#### RECORDS PROVIDED

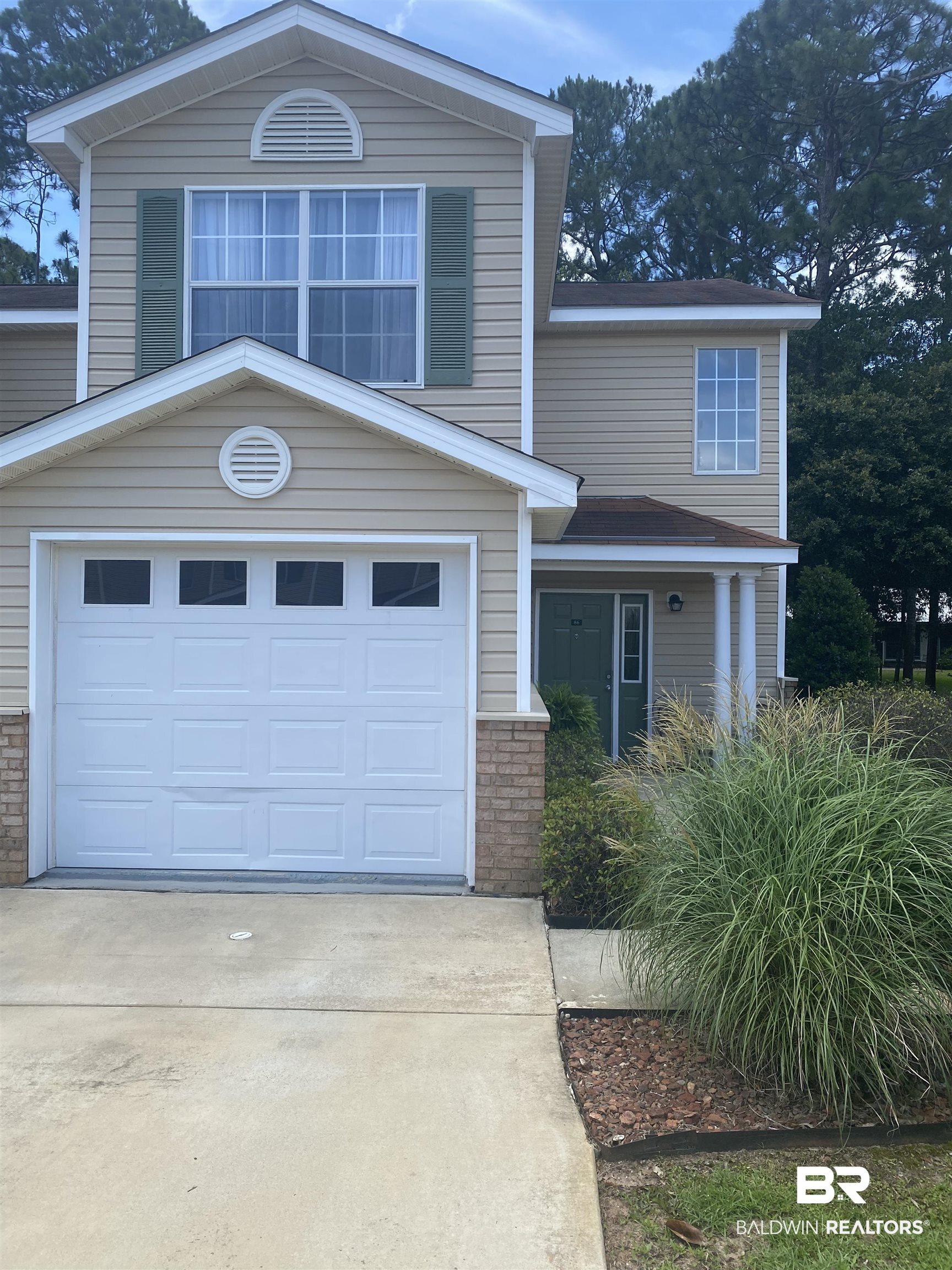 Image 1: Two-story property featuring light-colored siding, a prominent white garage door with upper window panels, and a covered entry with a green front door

########
#### RECORDS PROVIDED

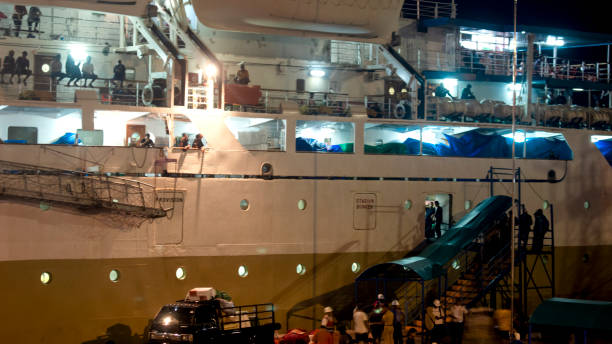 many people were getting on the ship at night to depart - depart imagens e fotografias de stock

########
#### RECORDS PROVIDED

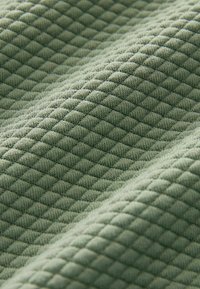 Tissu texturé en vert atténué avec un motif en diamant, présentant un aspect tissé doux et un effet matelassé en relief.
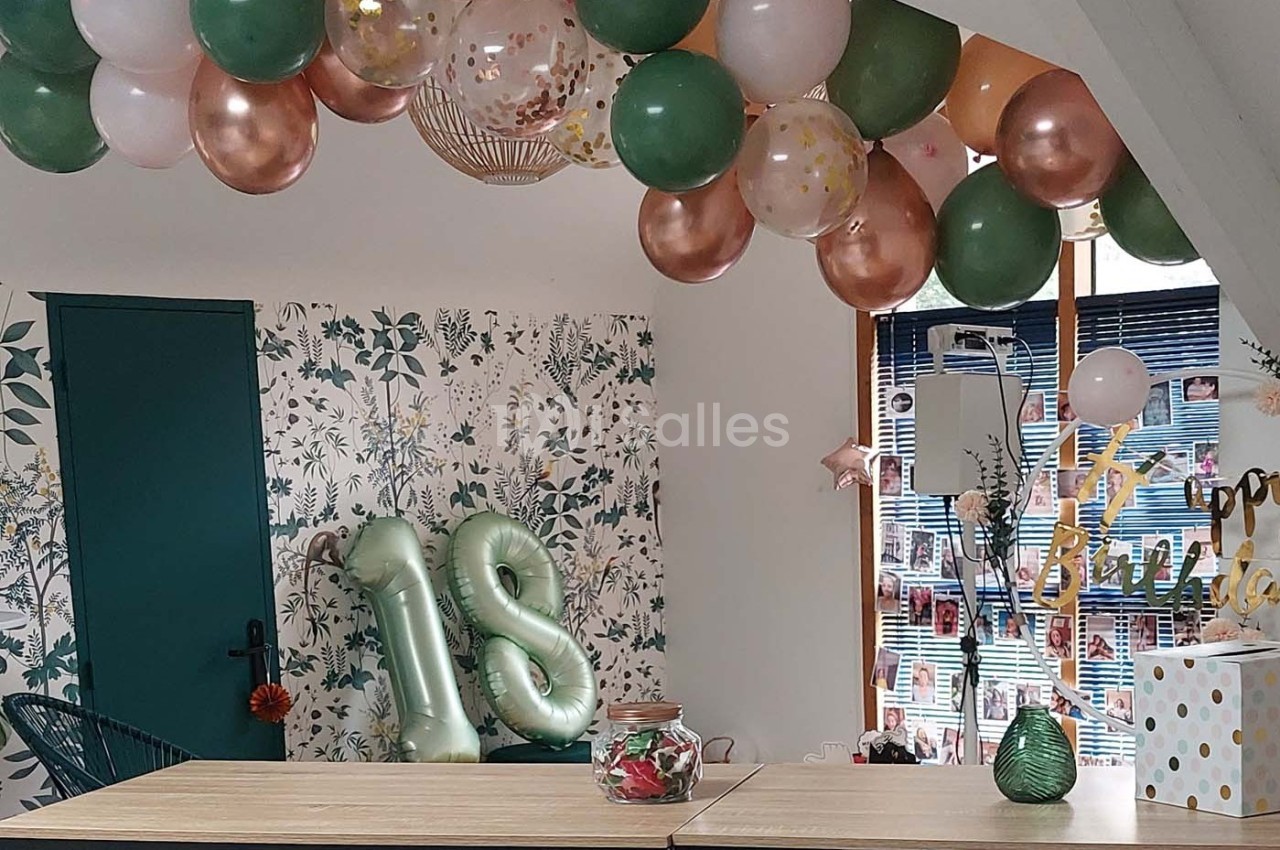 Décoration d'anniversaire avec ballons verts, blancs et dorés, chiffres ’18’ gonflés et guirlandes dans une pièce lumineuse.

########

— TASK GOAL —
Using the listing above, reproduce word for word every line from the one containing "Tissu texturé en" through the one containing "Décoration d'anniversaire avec". Pictures must be left out.

— SOLUTION FOR THIS TASK —
 Tissu texturé en vert atténué avec un motif en diamant, présentant un aspect tissé doux et un effet matelassé en relief.
 Décoration d'anniversaire avec ballons verts, blancs et dorés, chiffres ’18’ gonflés et guirlandes dans une pièce lumineuse.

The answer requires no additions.